Web Scraping - Efficient Web Data Collection using R and rvest

Author

Dr. Xu & Dr. Parra

Published

Invalid Date

AIS Doctor

AIS Doctor offers customized data scraping and analysis consulting services for young scholars ,Ph.D students, and small businesses. We have a dedicated team who will take care of your needs and help you with your project.

Why web scraping?

Do you spend a significant amount of your budget for collecting data? If so, there might be a more efficient way to do that by leveraging r or Python.

Why not coping & pasting?

For data in simple format or smaller size, the simplest approach is to copy and paste.

Data collection using public APIs

Websites like Yahoo finance, Google Trends, Reddit, and many others have public APIs that facilitate data collection using open source software and API keys.

In case you never used R before

R is a powerful tool for beginners looking to explore various tasks such as performing mathematical calculations, creating new calendars, and printing dates. With R, you can easily carry out basic math functions (like addition, subtraction, and more advanced operations), manage dates, and format them in different ways. By using functions like Sys.Date() for the current date, seq.Date() to create sequences of dates, or libraries like lubridate, you can manage time-related data effectively. R’s flexibility makes it accessible for learners to experiment and learn.

1 + 1
[1] 2
## print a string
str <- "hello, my friends!"
print(str)
[1] "hello, my friends!"
## show us the date for today
format(Sys.Date(), "%c")
[1] "Wed Oct  9 00:00:00 2024"
# install.packages("calendR")
library(calendR)
~~ Package calendR
Visit https://r-coder.com/ for R tutorials ~~
calendR() # Defaults to current year

Web Scraping - Workflow

Scraping top finance news using rvest in mini-seconds

rvest is very similar to the Python library of beautifulsoup for Python users. Below is an example of collecting top news from Sina.com and display the top 6 results from the data.

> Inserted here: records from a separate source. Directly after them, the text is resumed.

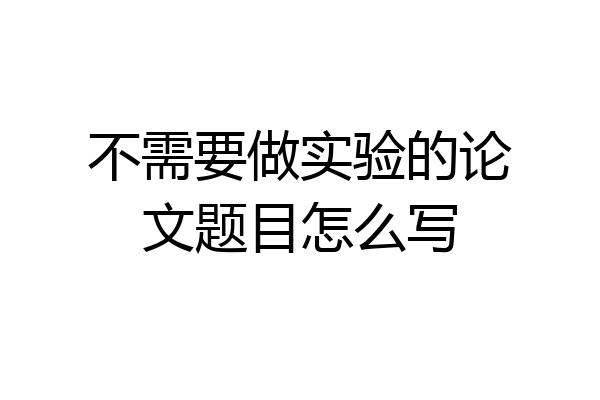 不需要做实验的论文题目怎么写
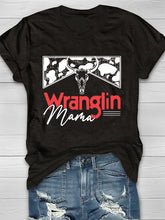 Camiseta Wranglin Mama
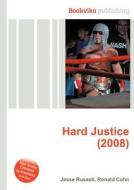 Hard Justice (2008) edito da Book On Demand Ltd.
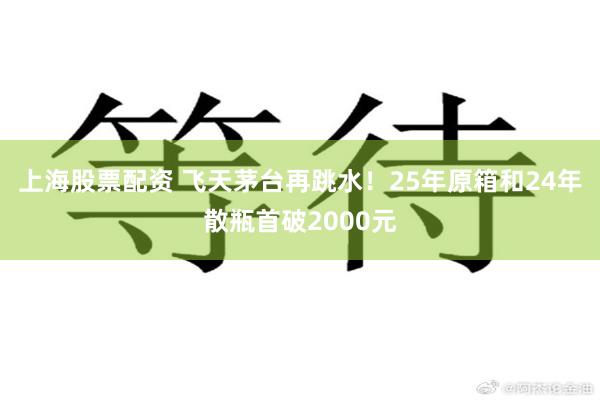 上海股票配资 飞天茅台再跳水！25年原箱和24年散瓶首破2000元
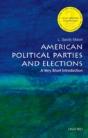 American Political Parties And Elections: A Very Short Introduction - Preview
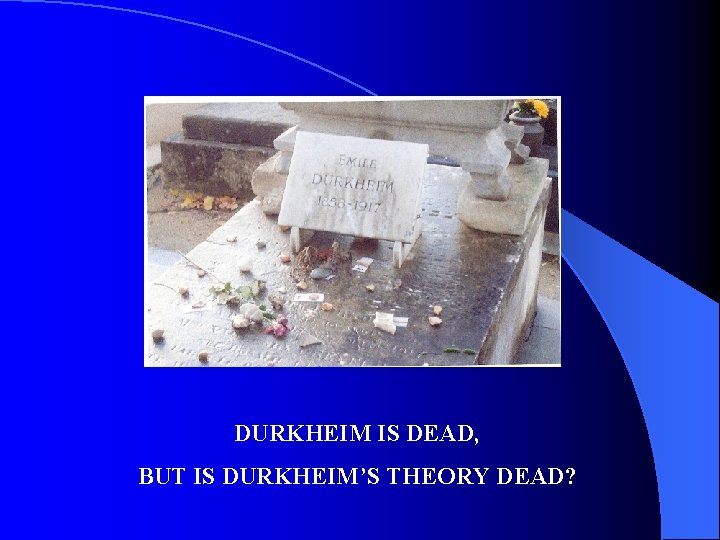 DURKHEIM IS DEAD, BUT IS DURKHEIM’S THEORY DEAD?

You will need some basic knowledge of how html works.

Scraping top finance news using rvest in mini-seconds (continued)

In this tutorial, we used rvest, the dplyr packages, and a few lines of syntax to scrape the top news.

Scraping top finance news - loading packages

library(rvest)
library(dplyr)

Attaching package: 'dplyr'
The following objects are masked from 'package:stats':

    filter, lag
The following objects are masked from 'package:base':

    intersect, setdiff, setequal, union

Scraping top finance news in a few seconds using the rvest package

In this example, we used R to scrape headlines from a finance website (Sina). First, I defined the URL of the site and read the webpage content using the read_html function. Then, I identified the specific HTML elements (headlines) I wanted by using a CSS selector (a.linkNewsTopBold). Finally, I extracted the text from these elements and displayed the first few headlines using the head function.

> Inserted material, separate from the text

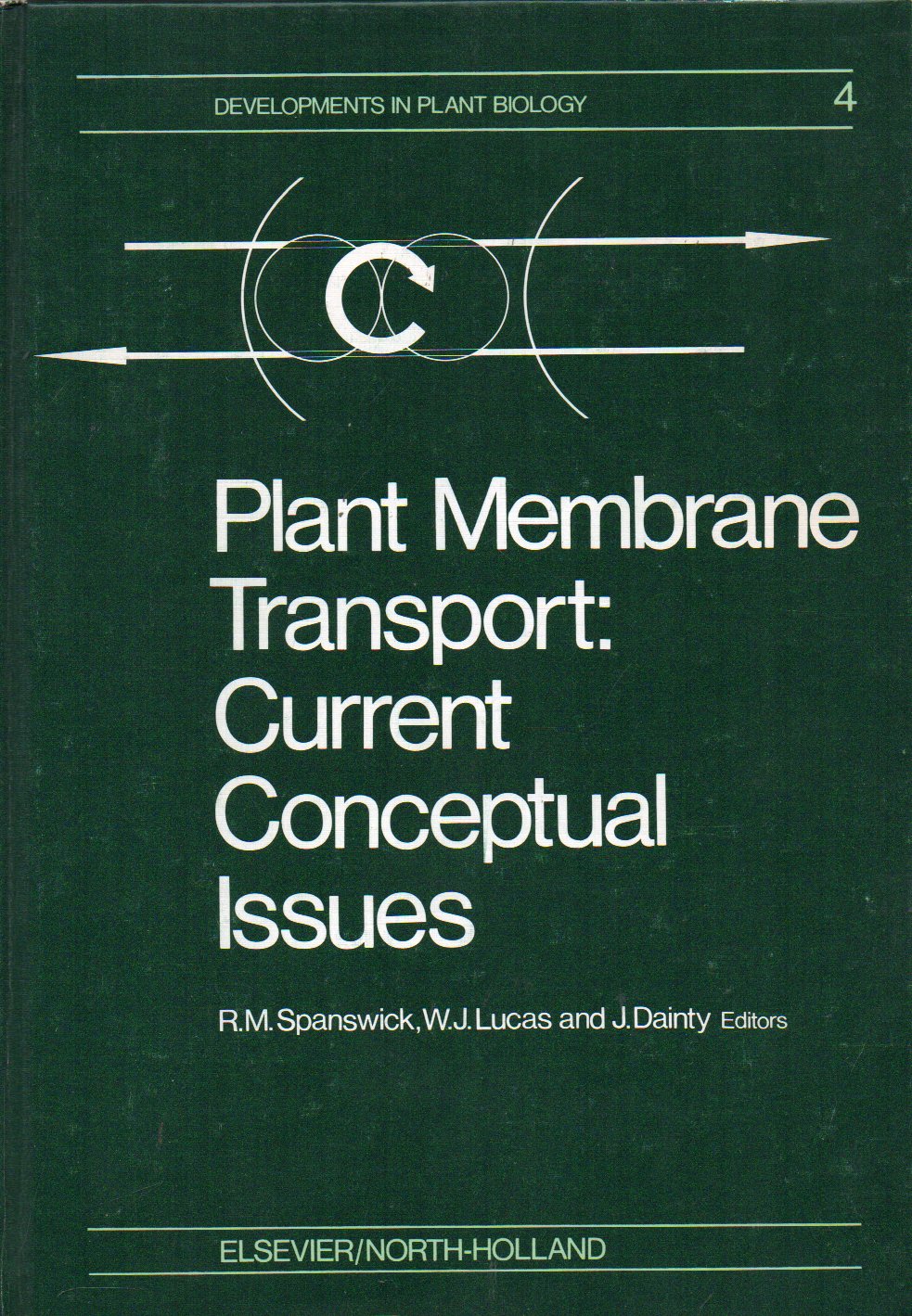 Plant Membrane Transport: 1st: Current Conceptual Issues - International Workshop Proceedings (Developments in plant biology)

In R, we can use html_elements along with the CSS selector to identify html elements. Here, “a.linkNewsTopBold” is the html elements associated with the top news at finance.sina.com.cn. Please keep in mind that these elements may change over time.

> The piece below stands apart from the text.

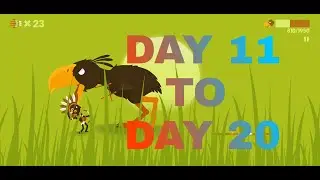 BIG HUNTER БОЛЬШОЙ ОХОТНИК | THE TERROR BIRD BOSS | DAY 11 TO DAY 20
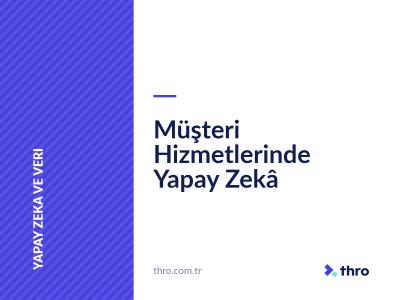 Müşteri Hizmetlerinde Yapay Zekâ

We can then export the data to a text file and use it for other purposes. You may find the complete dataset here: https://github.com/utjimmyx/workshop/blob/main/sina_news.txt

# Define the URL
url <- "https://finance.sina.com.cn/"
# Read the webpage content
webpage <- read_html(url)
# identify the html elements using the css selector first
headlines <- webpage %>%
  html_nodes("a.linkNewsTopBold") %>% # adjust the selector based on the HTML structure
  html_text()
head(headlines)
[1] "节后经济形势座谈会 哪些信息值得关注"               
[2] "指数巨量回调 两市成交额超2.9万亿元"                
[3] "直播中国牛市!"                                     
[4] "国家发改委:出台有力有效系列举措 努力提振资本市场"  
[5] "紧扣\"两强两严\"目标 Q3对291起违法违规采取监管措施"
[6] "我国计划2026年底基本建成国家数据标准体系"          

What is next?

By leveraging the power of R and open source libraries, you can analyze text data and examine the sentiments and the meaning of textual data in real time. You can also analyze the sentiments of news articles by scraping articles in batch.

What else can I do with R?

Well, R offers you encough flexibility when it comes to App development as well. For instance, you can leverage R and R Shiny (an advanced web API framework) for user-friendly Apps.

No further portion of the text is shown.